A resin composition used for welding by laser light,
(A) For 100 parts by mass of a thermoplastic polyester resin material containing a polybutylene terephthalate homopolymer and / or a polybutylene terephthalate copolymer,
(B) Nigrosine 0.0005 to 0.5 parts by mass,
(C) 0.01-2 parts by weight of a colorant containing an anthraquinone dye, and
(D) A laser welding resin composition comprising 2.5 to 100 parts by mass of a brominated flame retardant.   (C) The colorant includes a perinone dye C2 having a maximum absorption wavelength in the range of 460 to 480 nm and an anthraquinone dye C1 in which the maximum absorption wavelength is in the range of 590 to 635 nm, and the mass ratio C2 / C1 between the two is 0.4 to The resin composition for laser welding according to claim 1, wherein the resin composition is a colorant contained in a ratio of 2. 3.   (A) The thermoplastic polyester resin material includes a polybutylene terephthalate homopolymer and a polybutylene terephthalate copolymer, and the content of the polybutylene terephthalate copolymer is 5 to 95% by mass with respect to 100% by mass in total of both. The resin composition for laser welding according to claim 1 or 2.   (A) The thermoplastic polyester resin material includes a polybutylene terephthalate homopolymer and a polyethylene terephthalate resin, and the content of the polyethylene terephthalate resin is 5 to 50% by mass with respect to 100% by mass of both. Laser welding resin composition in any one of 1-3.   (A) The thermoplastic polyester-based resin material contains a polybutylene terephthalate homopolymer and a polycarbonate resin, and the content of the polycarbonate resin is 5 to 50 mass with respect to a total of 100 mass% of the polybutylene terephthalate homopolymer and the polycarbonate resin. The resin composition for laser welding according to claim 1 or 2, wherein the composition is%.   (D) The brominated flame retardant is brominated acrylate, The resin composition for laser welding according to any one of claims 1 to 5. The absorbance a _0.75 (absorbance converted to a molded plate having a thickness of 0.75 mm) with respect to 940 nm laser light of the molded plate made of the resin composition is 0.05 to _1.5 . The laser welding resin composition according to any one of the above. The incidence rate _K0.75 (incidence rate converted into a thickness of 0.75 mm) of the molded plate made of the resin composition with respect to 940 nm laser light is 15 to 80%. The resin composition for laser welding according to claim 1.
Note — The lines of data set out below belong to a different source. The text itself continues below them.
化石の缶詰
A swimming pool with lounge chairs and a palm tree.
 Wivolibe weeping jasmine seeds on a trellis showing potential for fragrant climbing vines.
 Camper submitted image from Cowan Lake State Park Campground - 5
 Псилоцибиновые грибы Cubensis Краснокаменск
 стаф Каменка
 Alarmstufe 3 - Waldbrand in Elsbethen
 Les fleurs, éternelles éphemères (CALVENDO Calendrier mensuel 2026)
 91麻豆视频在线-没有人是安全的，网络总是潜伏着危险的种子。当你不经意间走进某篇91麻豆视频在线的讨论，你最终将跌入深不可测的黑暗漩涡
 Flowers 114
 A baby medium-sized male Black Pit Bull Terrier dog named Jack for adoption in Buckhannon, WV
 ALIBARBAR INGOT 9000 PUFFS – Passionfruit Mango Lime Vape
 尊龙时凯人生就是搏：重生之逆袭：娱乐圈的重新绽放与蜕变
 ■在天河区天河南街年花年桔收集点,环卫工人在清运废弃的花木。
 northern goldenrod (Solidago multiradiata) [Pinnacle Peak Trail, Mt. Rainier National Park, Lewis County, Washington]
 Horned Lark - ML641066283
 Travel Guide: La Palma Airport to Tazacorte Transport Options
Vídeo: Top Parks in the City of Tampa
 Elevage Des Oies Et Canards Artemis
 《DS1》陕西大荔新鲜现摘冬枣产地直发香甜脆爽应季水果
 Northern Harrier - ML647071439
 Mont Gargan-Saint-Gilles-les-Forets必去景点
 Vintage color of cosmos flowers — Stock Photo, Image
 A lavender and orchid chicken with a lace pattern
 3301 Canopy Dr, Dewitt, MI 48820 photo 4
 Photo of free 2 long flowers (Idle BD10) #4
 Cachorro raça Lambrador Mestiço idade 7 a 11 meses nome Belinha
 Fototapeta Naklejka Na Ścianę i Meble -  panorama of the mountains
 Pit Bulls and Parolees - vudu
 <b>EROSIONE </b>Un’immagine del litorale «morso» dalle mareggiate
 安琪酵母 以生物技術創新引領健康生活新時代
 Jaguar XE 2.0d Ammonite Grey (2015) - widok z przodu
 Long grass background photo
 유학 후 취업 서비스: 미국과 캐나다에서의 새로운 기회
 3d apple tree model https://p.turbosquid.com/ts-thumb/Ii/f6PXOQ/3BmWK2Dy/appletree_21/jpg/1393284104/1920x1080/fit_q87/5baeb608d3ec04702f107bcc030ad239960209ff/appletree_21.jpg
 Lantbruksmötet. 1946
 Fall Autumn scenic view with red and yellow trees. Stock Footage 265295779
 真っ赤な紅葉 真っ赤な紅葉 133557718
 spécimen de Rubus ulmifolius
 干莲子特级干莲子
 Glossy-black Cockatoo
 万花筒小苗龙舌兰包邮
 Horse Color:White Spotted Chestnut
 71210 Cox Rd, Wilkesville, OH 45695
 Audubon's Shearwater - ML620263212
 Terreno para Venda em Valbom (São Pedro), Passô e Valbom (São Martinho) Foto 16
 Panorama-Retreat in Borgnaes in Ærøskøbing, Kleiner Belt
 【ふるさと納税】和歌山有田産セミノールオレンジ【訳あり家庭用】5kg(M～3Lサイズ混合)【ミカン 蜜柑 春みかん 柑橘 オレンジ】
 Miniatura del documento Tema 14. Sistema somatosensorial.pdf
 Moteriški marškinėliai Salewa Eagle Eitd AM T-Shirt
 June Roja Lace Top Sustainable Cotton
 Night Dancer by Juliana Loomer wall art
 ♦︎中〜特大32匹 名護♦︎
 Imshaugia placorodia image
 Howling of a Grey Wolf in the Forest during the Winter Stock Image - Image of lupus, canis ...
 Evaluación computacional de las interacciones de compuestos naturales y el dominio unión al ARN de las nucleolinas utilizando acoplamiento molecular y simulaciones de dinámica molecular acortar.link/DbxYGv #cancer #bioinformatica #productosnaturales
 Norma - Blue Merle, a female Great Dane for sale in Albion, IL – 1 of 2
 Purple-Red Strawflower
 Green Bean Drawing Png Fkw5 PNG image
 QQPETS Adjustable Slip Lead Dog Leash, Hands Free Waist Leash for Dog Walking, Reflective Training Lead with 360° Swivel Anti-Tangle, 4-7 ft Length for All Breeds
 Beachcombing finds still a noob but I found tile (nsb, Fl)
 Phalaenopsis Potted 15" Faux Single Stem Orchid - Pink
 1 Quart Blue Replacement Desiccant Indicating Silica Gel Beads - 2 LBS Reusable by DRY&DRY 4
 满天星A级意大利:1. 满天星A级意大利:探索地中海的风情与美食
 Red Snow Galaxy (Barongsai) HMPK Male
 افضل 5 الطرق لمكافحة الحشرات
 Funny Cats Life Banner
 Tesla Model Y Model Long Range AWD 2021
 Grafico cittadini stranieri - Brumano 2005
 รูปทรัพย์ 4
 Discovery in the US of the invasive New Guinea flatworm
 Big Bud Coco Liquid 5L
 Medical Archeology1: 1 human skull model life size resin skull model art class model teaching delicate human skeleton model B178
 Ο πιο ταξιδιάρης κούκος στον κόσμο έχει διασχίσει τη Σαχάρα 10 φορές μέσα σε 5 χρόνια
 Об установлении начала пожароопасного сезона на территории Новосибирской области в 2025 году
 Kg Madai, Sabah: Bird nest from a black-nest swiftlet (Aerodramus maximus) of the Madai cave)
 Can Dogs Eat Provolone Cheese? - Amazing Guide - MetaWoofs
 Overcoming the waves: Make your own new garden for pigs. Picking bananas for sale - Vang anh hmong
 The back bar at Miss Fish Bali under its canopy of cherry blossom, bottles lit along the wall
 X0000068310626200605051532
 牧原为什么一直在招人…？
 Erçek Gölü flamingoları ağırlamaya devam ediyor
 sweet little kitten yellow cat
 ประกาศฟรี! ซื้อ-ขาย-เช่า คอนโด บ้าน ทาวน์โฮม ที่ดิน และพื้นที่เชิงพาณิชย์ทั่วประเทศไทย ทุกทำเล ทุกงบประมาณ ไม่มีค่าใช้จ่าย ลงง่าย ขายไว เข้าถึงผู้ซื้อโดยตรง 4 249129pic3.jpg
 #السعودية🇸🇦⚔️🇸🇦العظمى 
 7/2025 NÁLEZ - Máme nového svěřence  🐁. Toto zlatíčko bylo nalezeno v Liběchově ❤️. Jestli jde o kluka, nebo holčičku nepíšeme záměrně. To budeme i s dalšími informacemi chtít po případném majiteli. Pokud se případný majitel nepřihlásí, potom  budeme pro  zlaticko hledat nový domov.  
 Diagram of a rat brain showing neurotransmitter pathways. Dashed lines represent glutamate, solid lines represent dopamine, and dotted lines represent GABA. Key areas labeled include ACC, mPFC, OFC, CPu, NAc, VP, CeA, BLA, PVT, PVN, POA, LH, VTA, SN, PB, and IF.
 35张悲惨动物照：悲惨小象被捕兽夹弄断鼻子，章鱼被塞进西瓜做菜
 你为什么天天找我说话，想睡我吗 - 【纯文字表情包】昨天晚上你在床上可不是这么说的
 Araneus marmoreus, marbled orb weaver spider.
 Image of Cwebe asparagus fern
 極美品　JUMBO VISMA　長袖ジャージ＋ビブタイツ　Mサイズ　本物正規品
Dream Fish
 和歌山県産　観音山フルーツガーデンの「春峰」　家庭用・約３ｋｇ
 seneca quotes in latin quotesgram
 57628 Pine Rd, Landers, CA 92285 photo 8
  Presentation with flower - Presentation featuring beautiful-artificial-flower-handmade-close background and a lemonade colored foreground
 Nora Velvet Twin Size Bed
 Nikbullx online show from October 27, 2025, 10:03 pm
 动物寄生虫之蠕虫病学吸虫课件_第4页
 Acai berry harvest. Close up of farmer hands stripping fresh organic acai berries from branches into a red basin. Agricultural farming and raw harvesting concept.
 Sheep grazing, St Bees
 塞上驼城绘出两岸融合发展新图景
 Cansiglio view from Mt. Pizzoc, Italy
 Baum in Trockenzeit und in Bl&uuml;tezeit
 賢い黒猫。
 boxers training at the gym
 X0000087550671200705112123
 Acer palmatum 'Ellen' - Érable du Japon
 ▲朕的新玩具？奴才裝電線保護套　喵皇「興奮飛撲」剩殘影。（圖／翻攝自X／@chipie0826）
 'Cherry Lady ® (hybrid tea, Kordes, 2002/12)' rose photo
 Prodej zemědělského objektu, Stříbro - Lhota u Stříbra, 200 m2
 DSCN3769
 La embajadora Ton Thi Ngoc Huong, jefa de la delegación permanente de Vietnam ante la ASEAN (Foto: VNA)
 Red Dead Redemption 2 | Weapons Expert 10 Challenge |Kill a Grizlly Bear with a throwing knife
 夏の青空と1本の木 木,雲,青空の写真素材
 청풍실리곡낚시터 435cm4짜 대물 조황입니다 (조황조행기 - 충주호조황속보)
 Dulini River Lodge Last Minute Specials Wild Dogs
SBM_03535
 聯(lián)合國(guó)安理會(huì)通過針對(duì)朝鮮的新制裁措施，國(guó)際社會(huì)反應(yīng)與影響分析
However, the incidence rate K _0.75 is calculated as follows using the transmittance T _0.75 and the reflectance R _0.75 at a thickness of _0.75 mm.
Incidence factor K _0.75 (%) = 100−T _0.75 −R _0.75   A molded article for laser welding comprising the resin composition for laser welding according to claim 1.   A laser welded product of the molded product according to claim 9.   The laser welded body according to claim 10, wherein a gap between the formed bodies when the welded body is welded is at least 0.1 mm in at least a part of the welded portion.   The laser welded body according to claim 10 or 11, wherein the molded bodies are butt-welded to each other.   The laser welded body according to claim 10 or 11, wherein the molded bodies are laminated and welded together.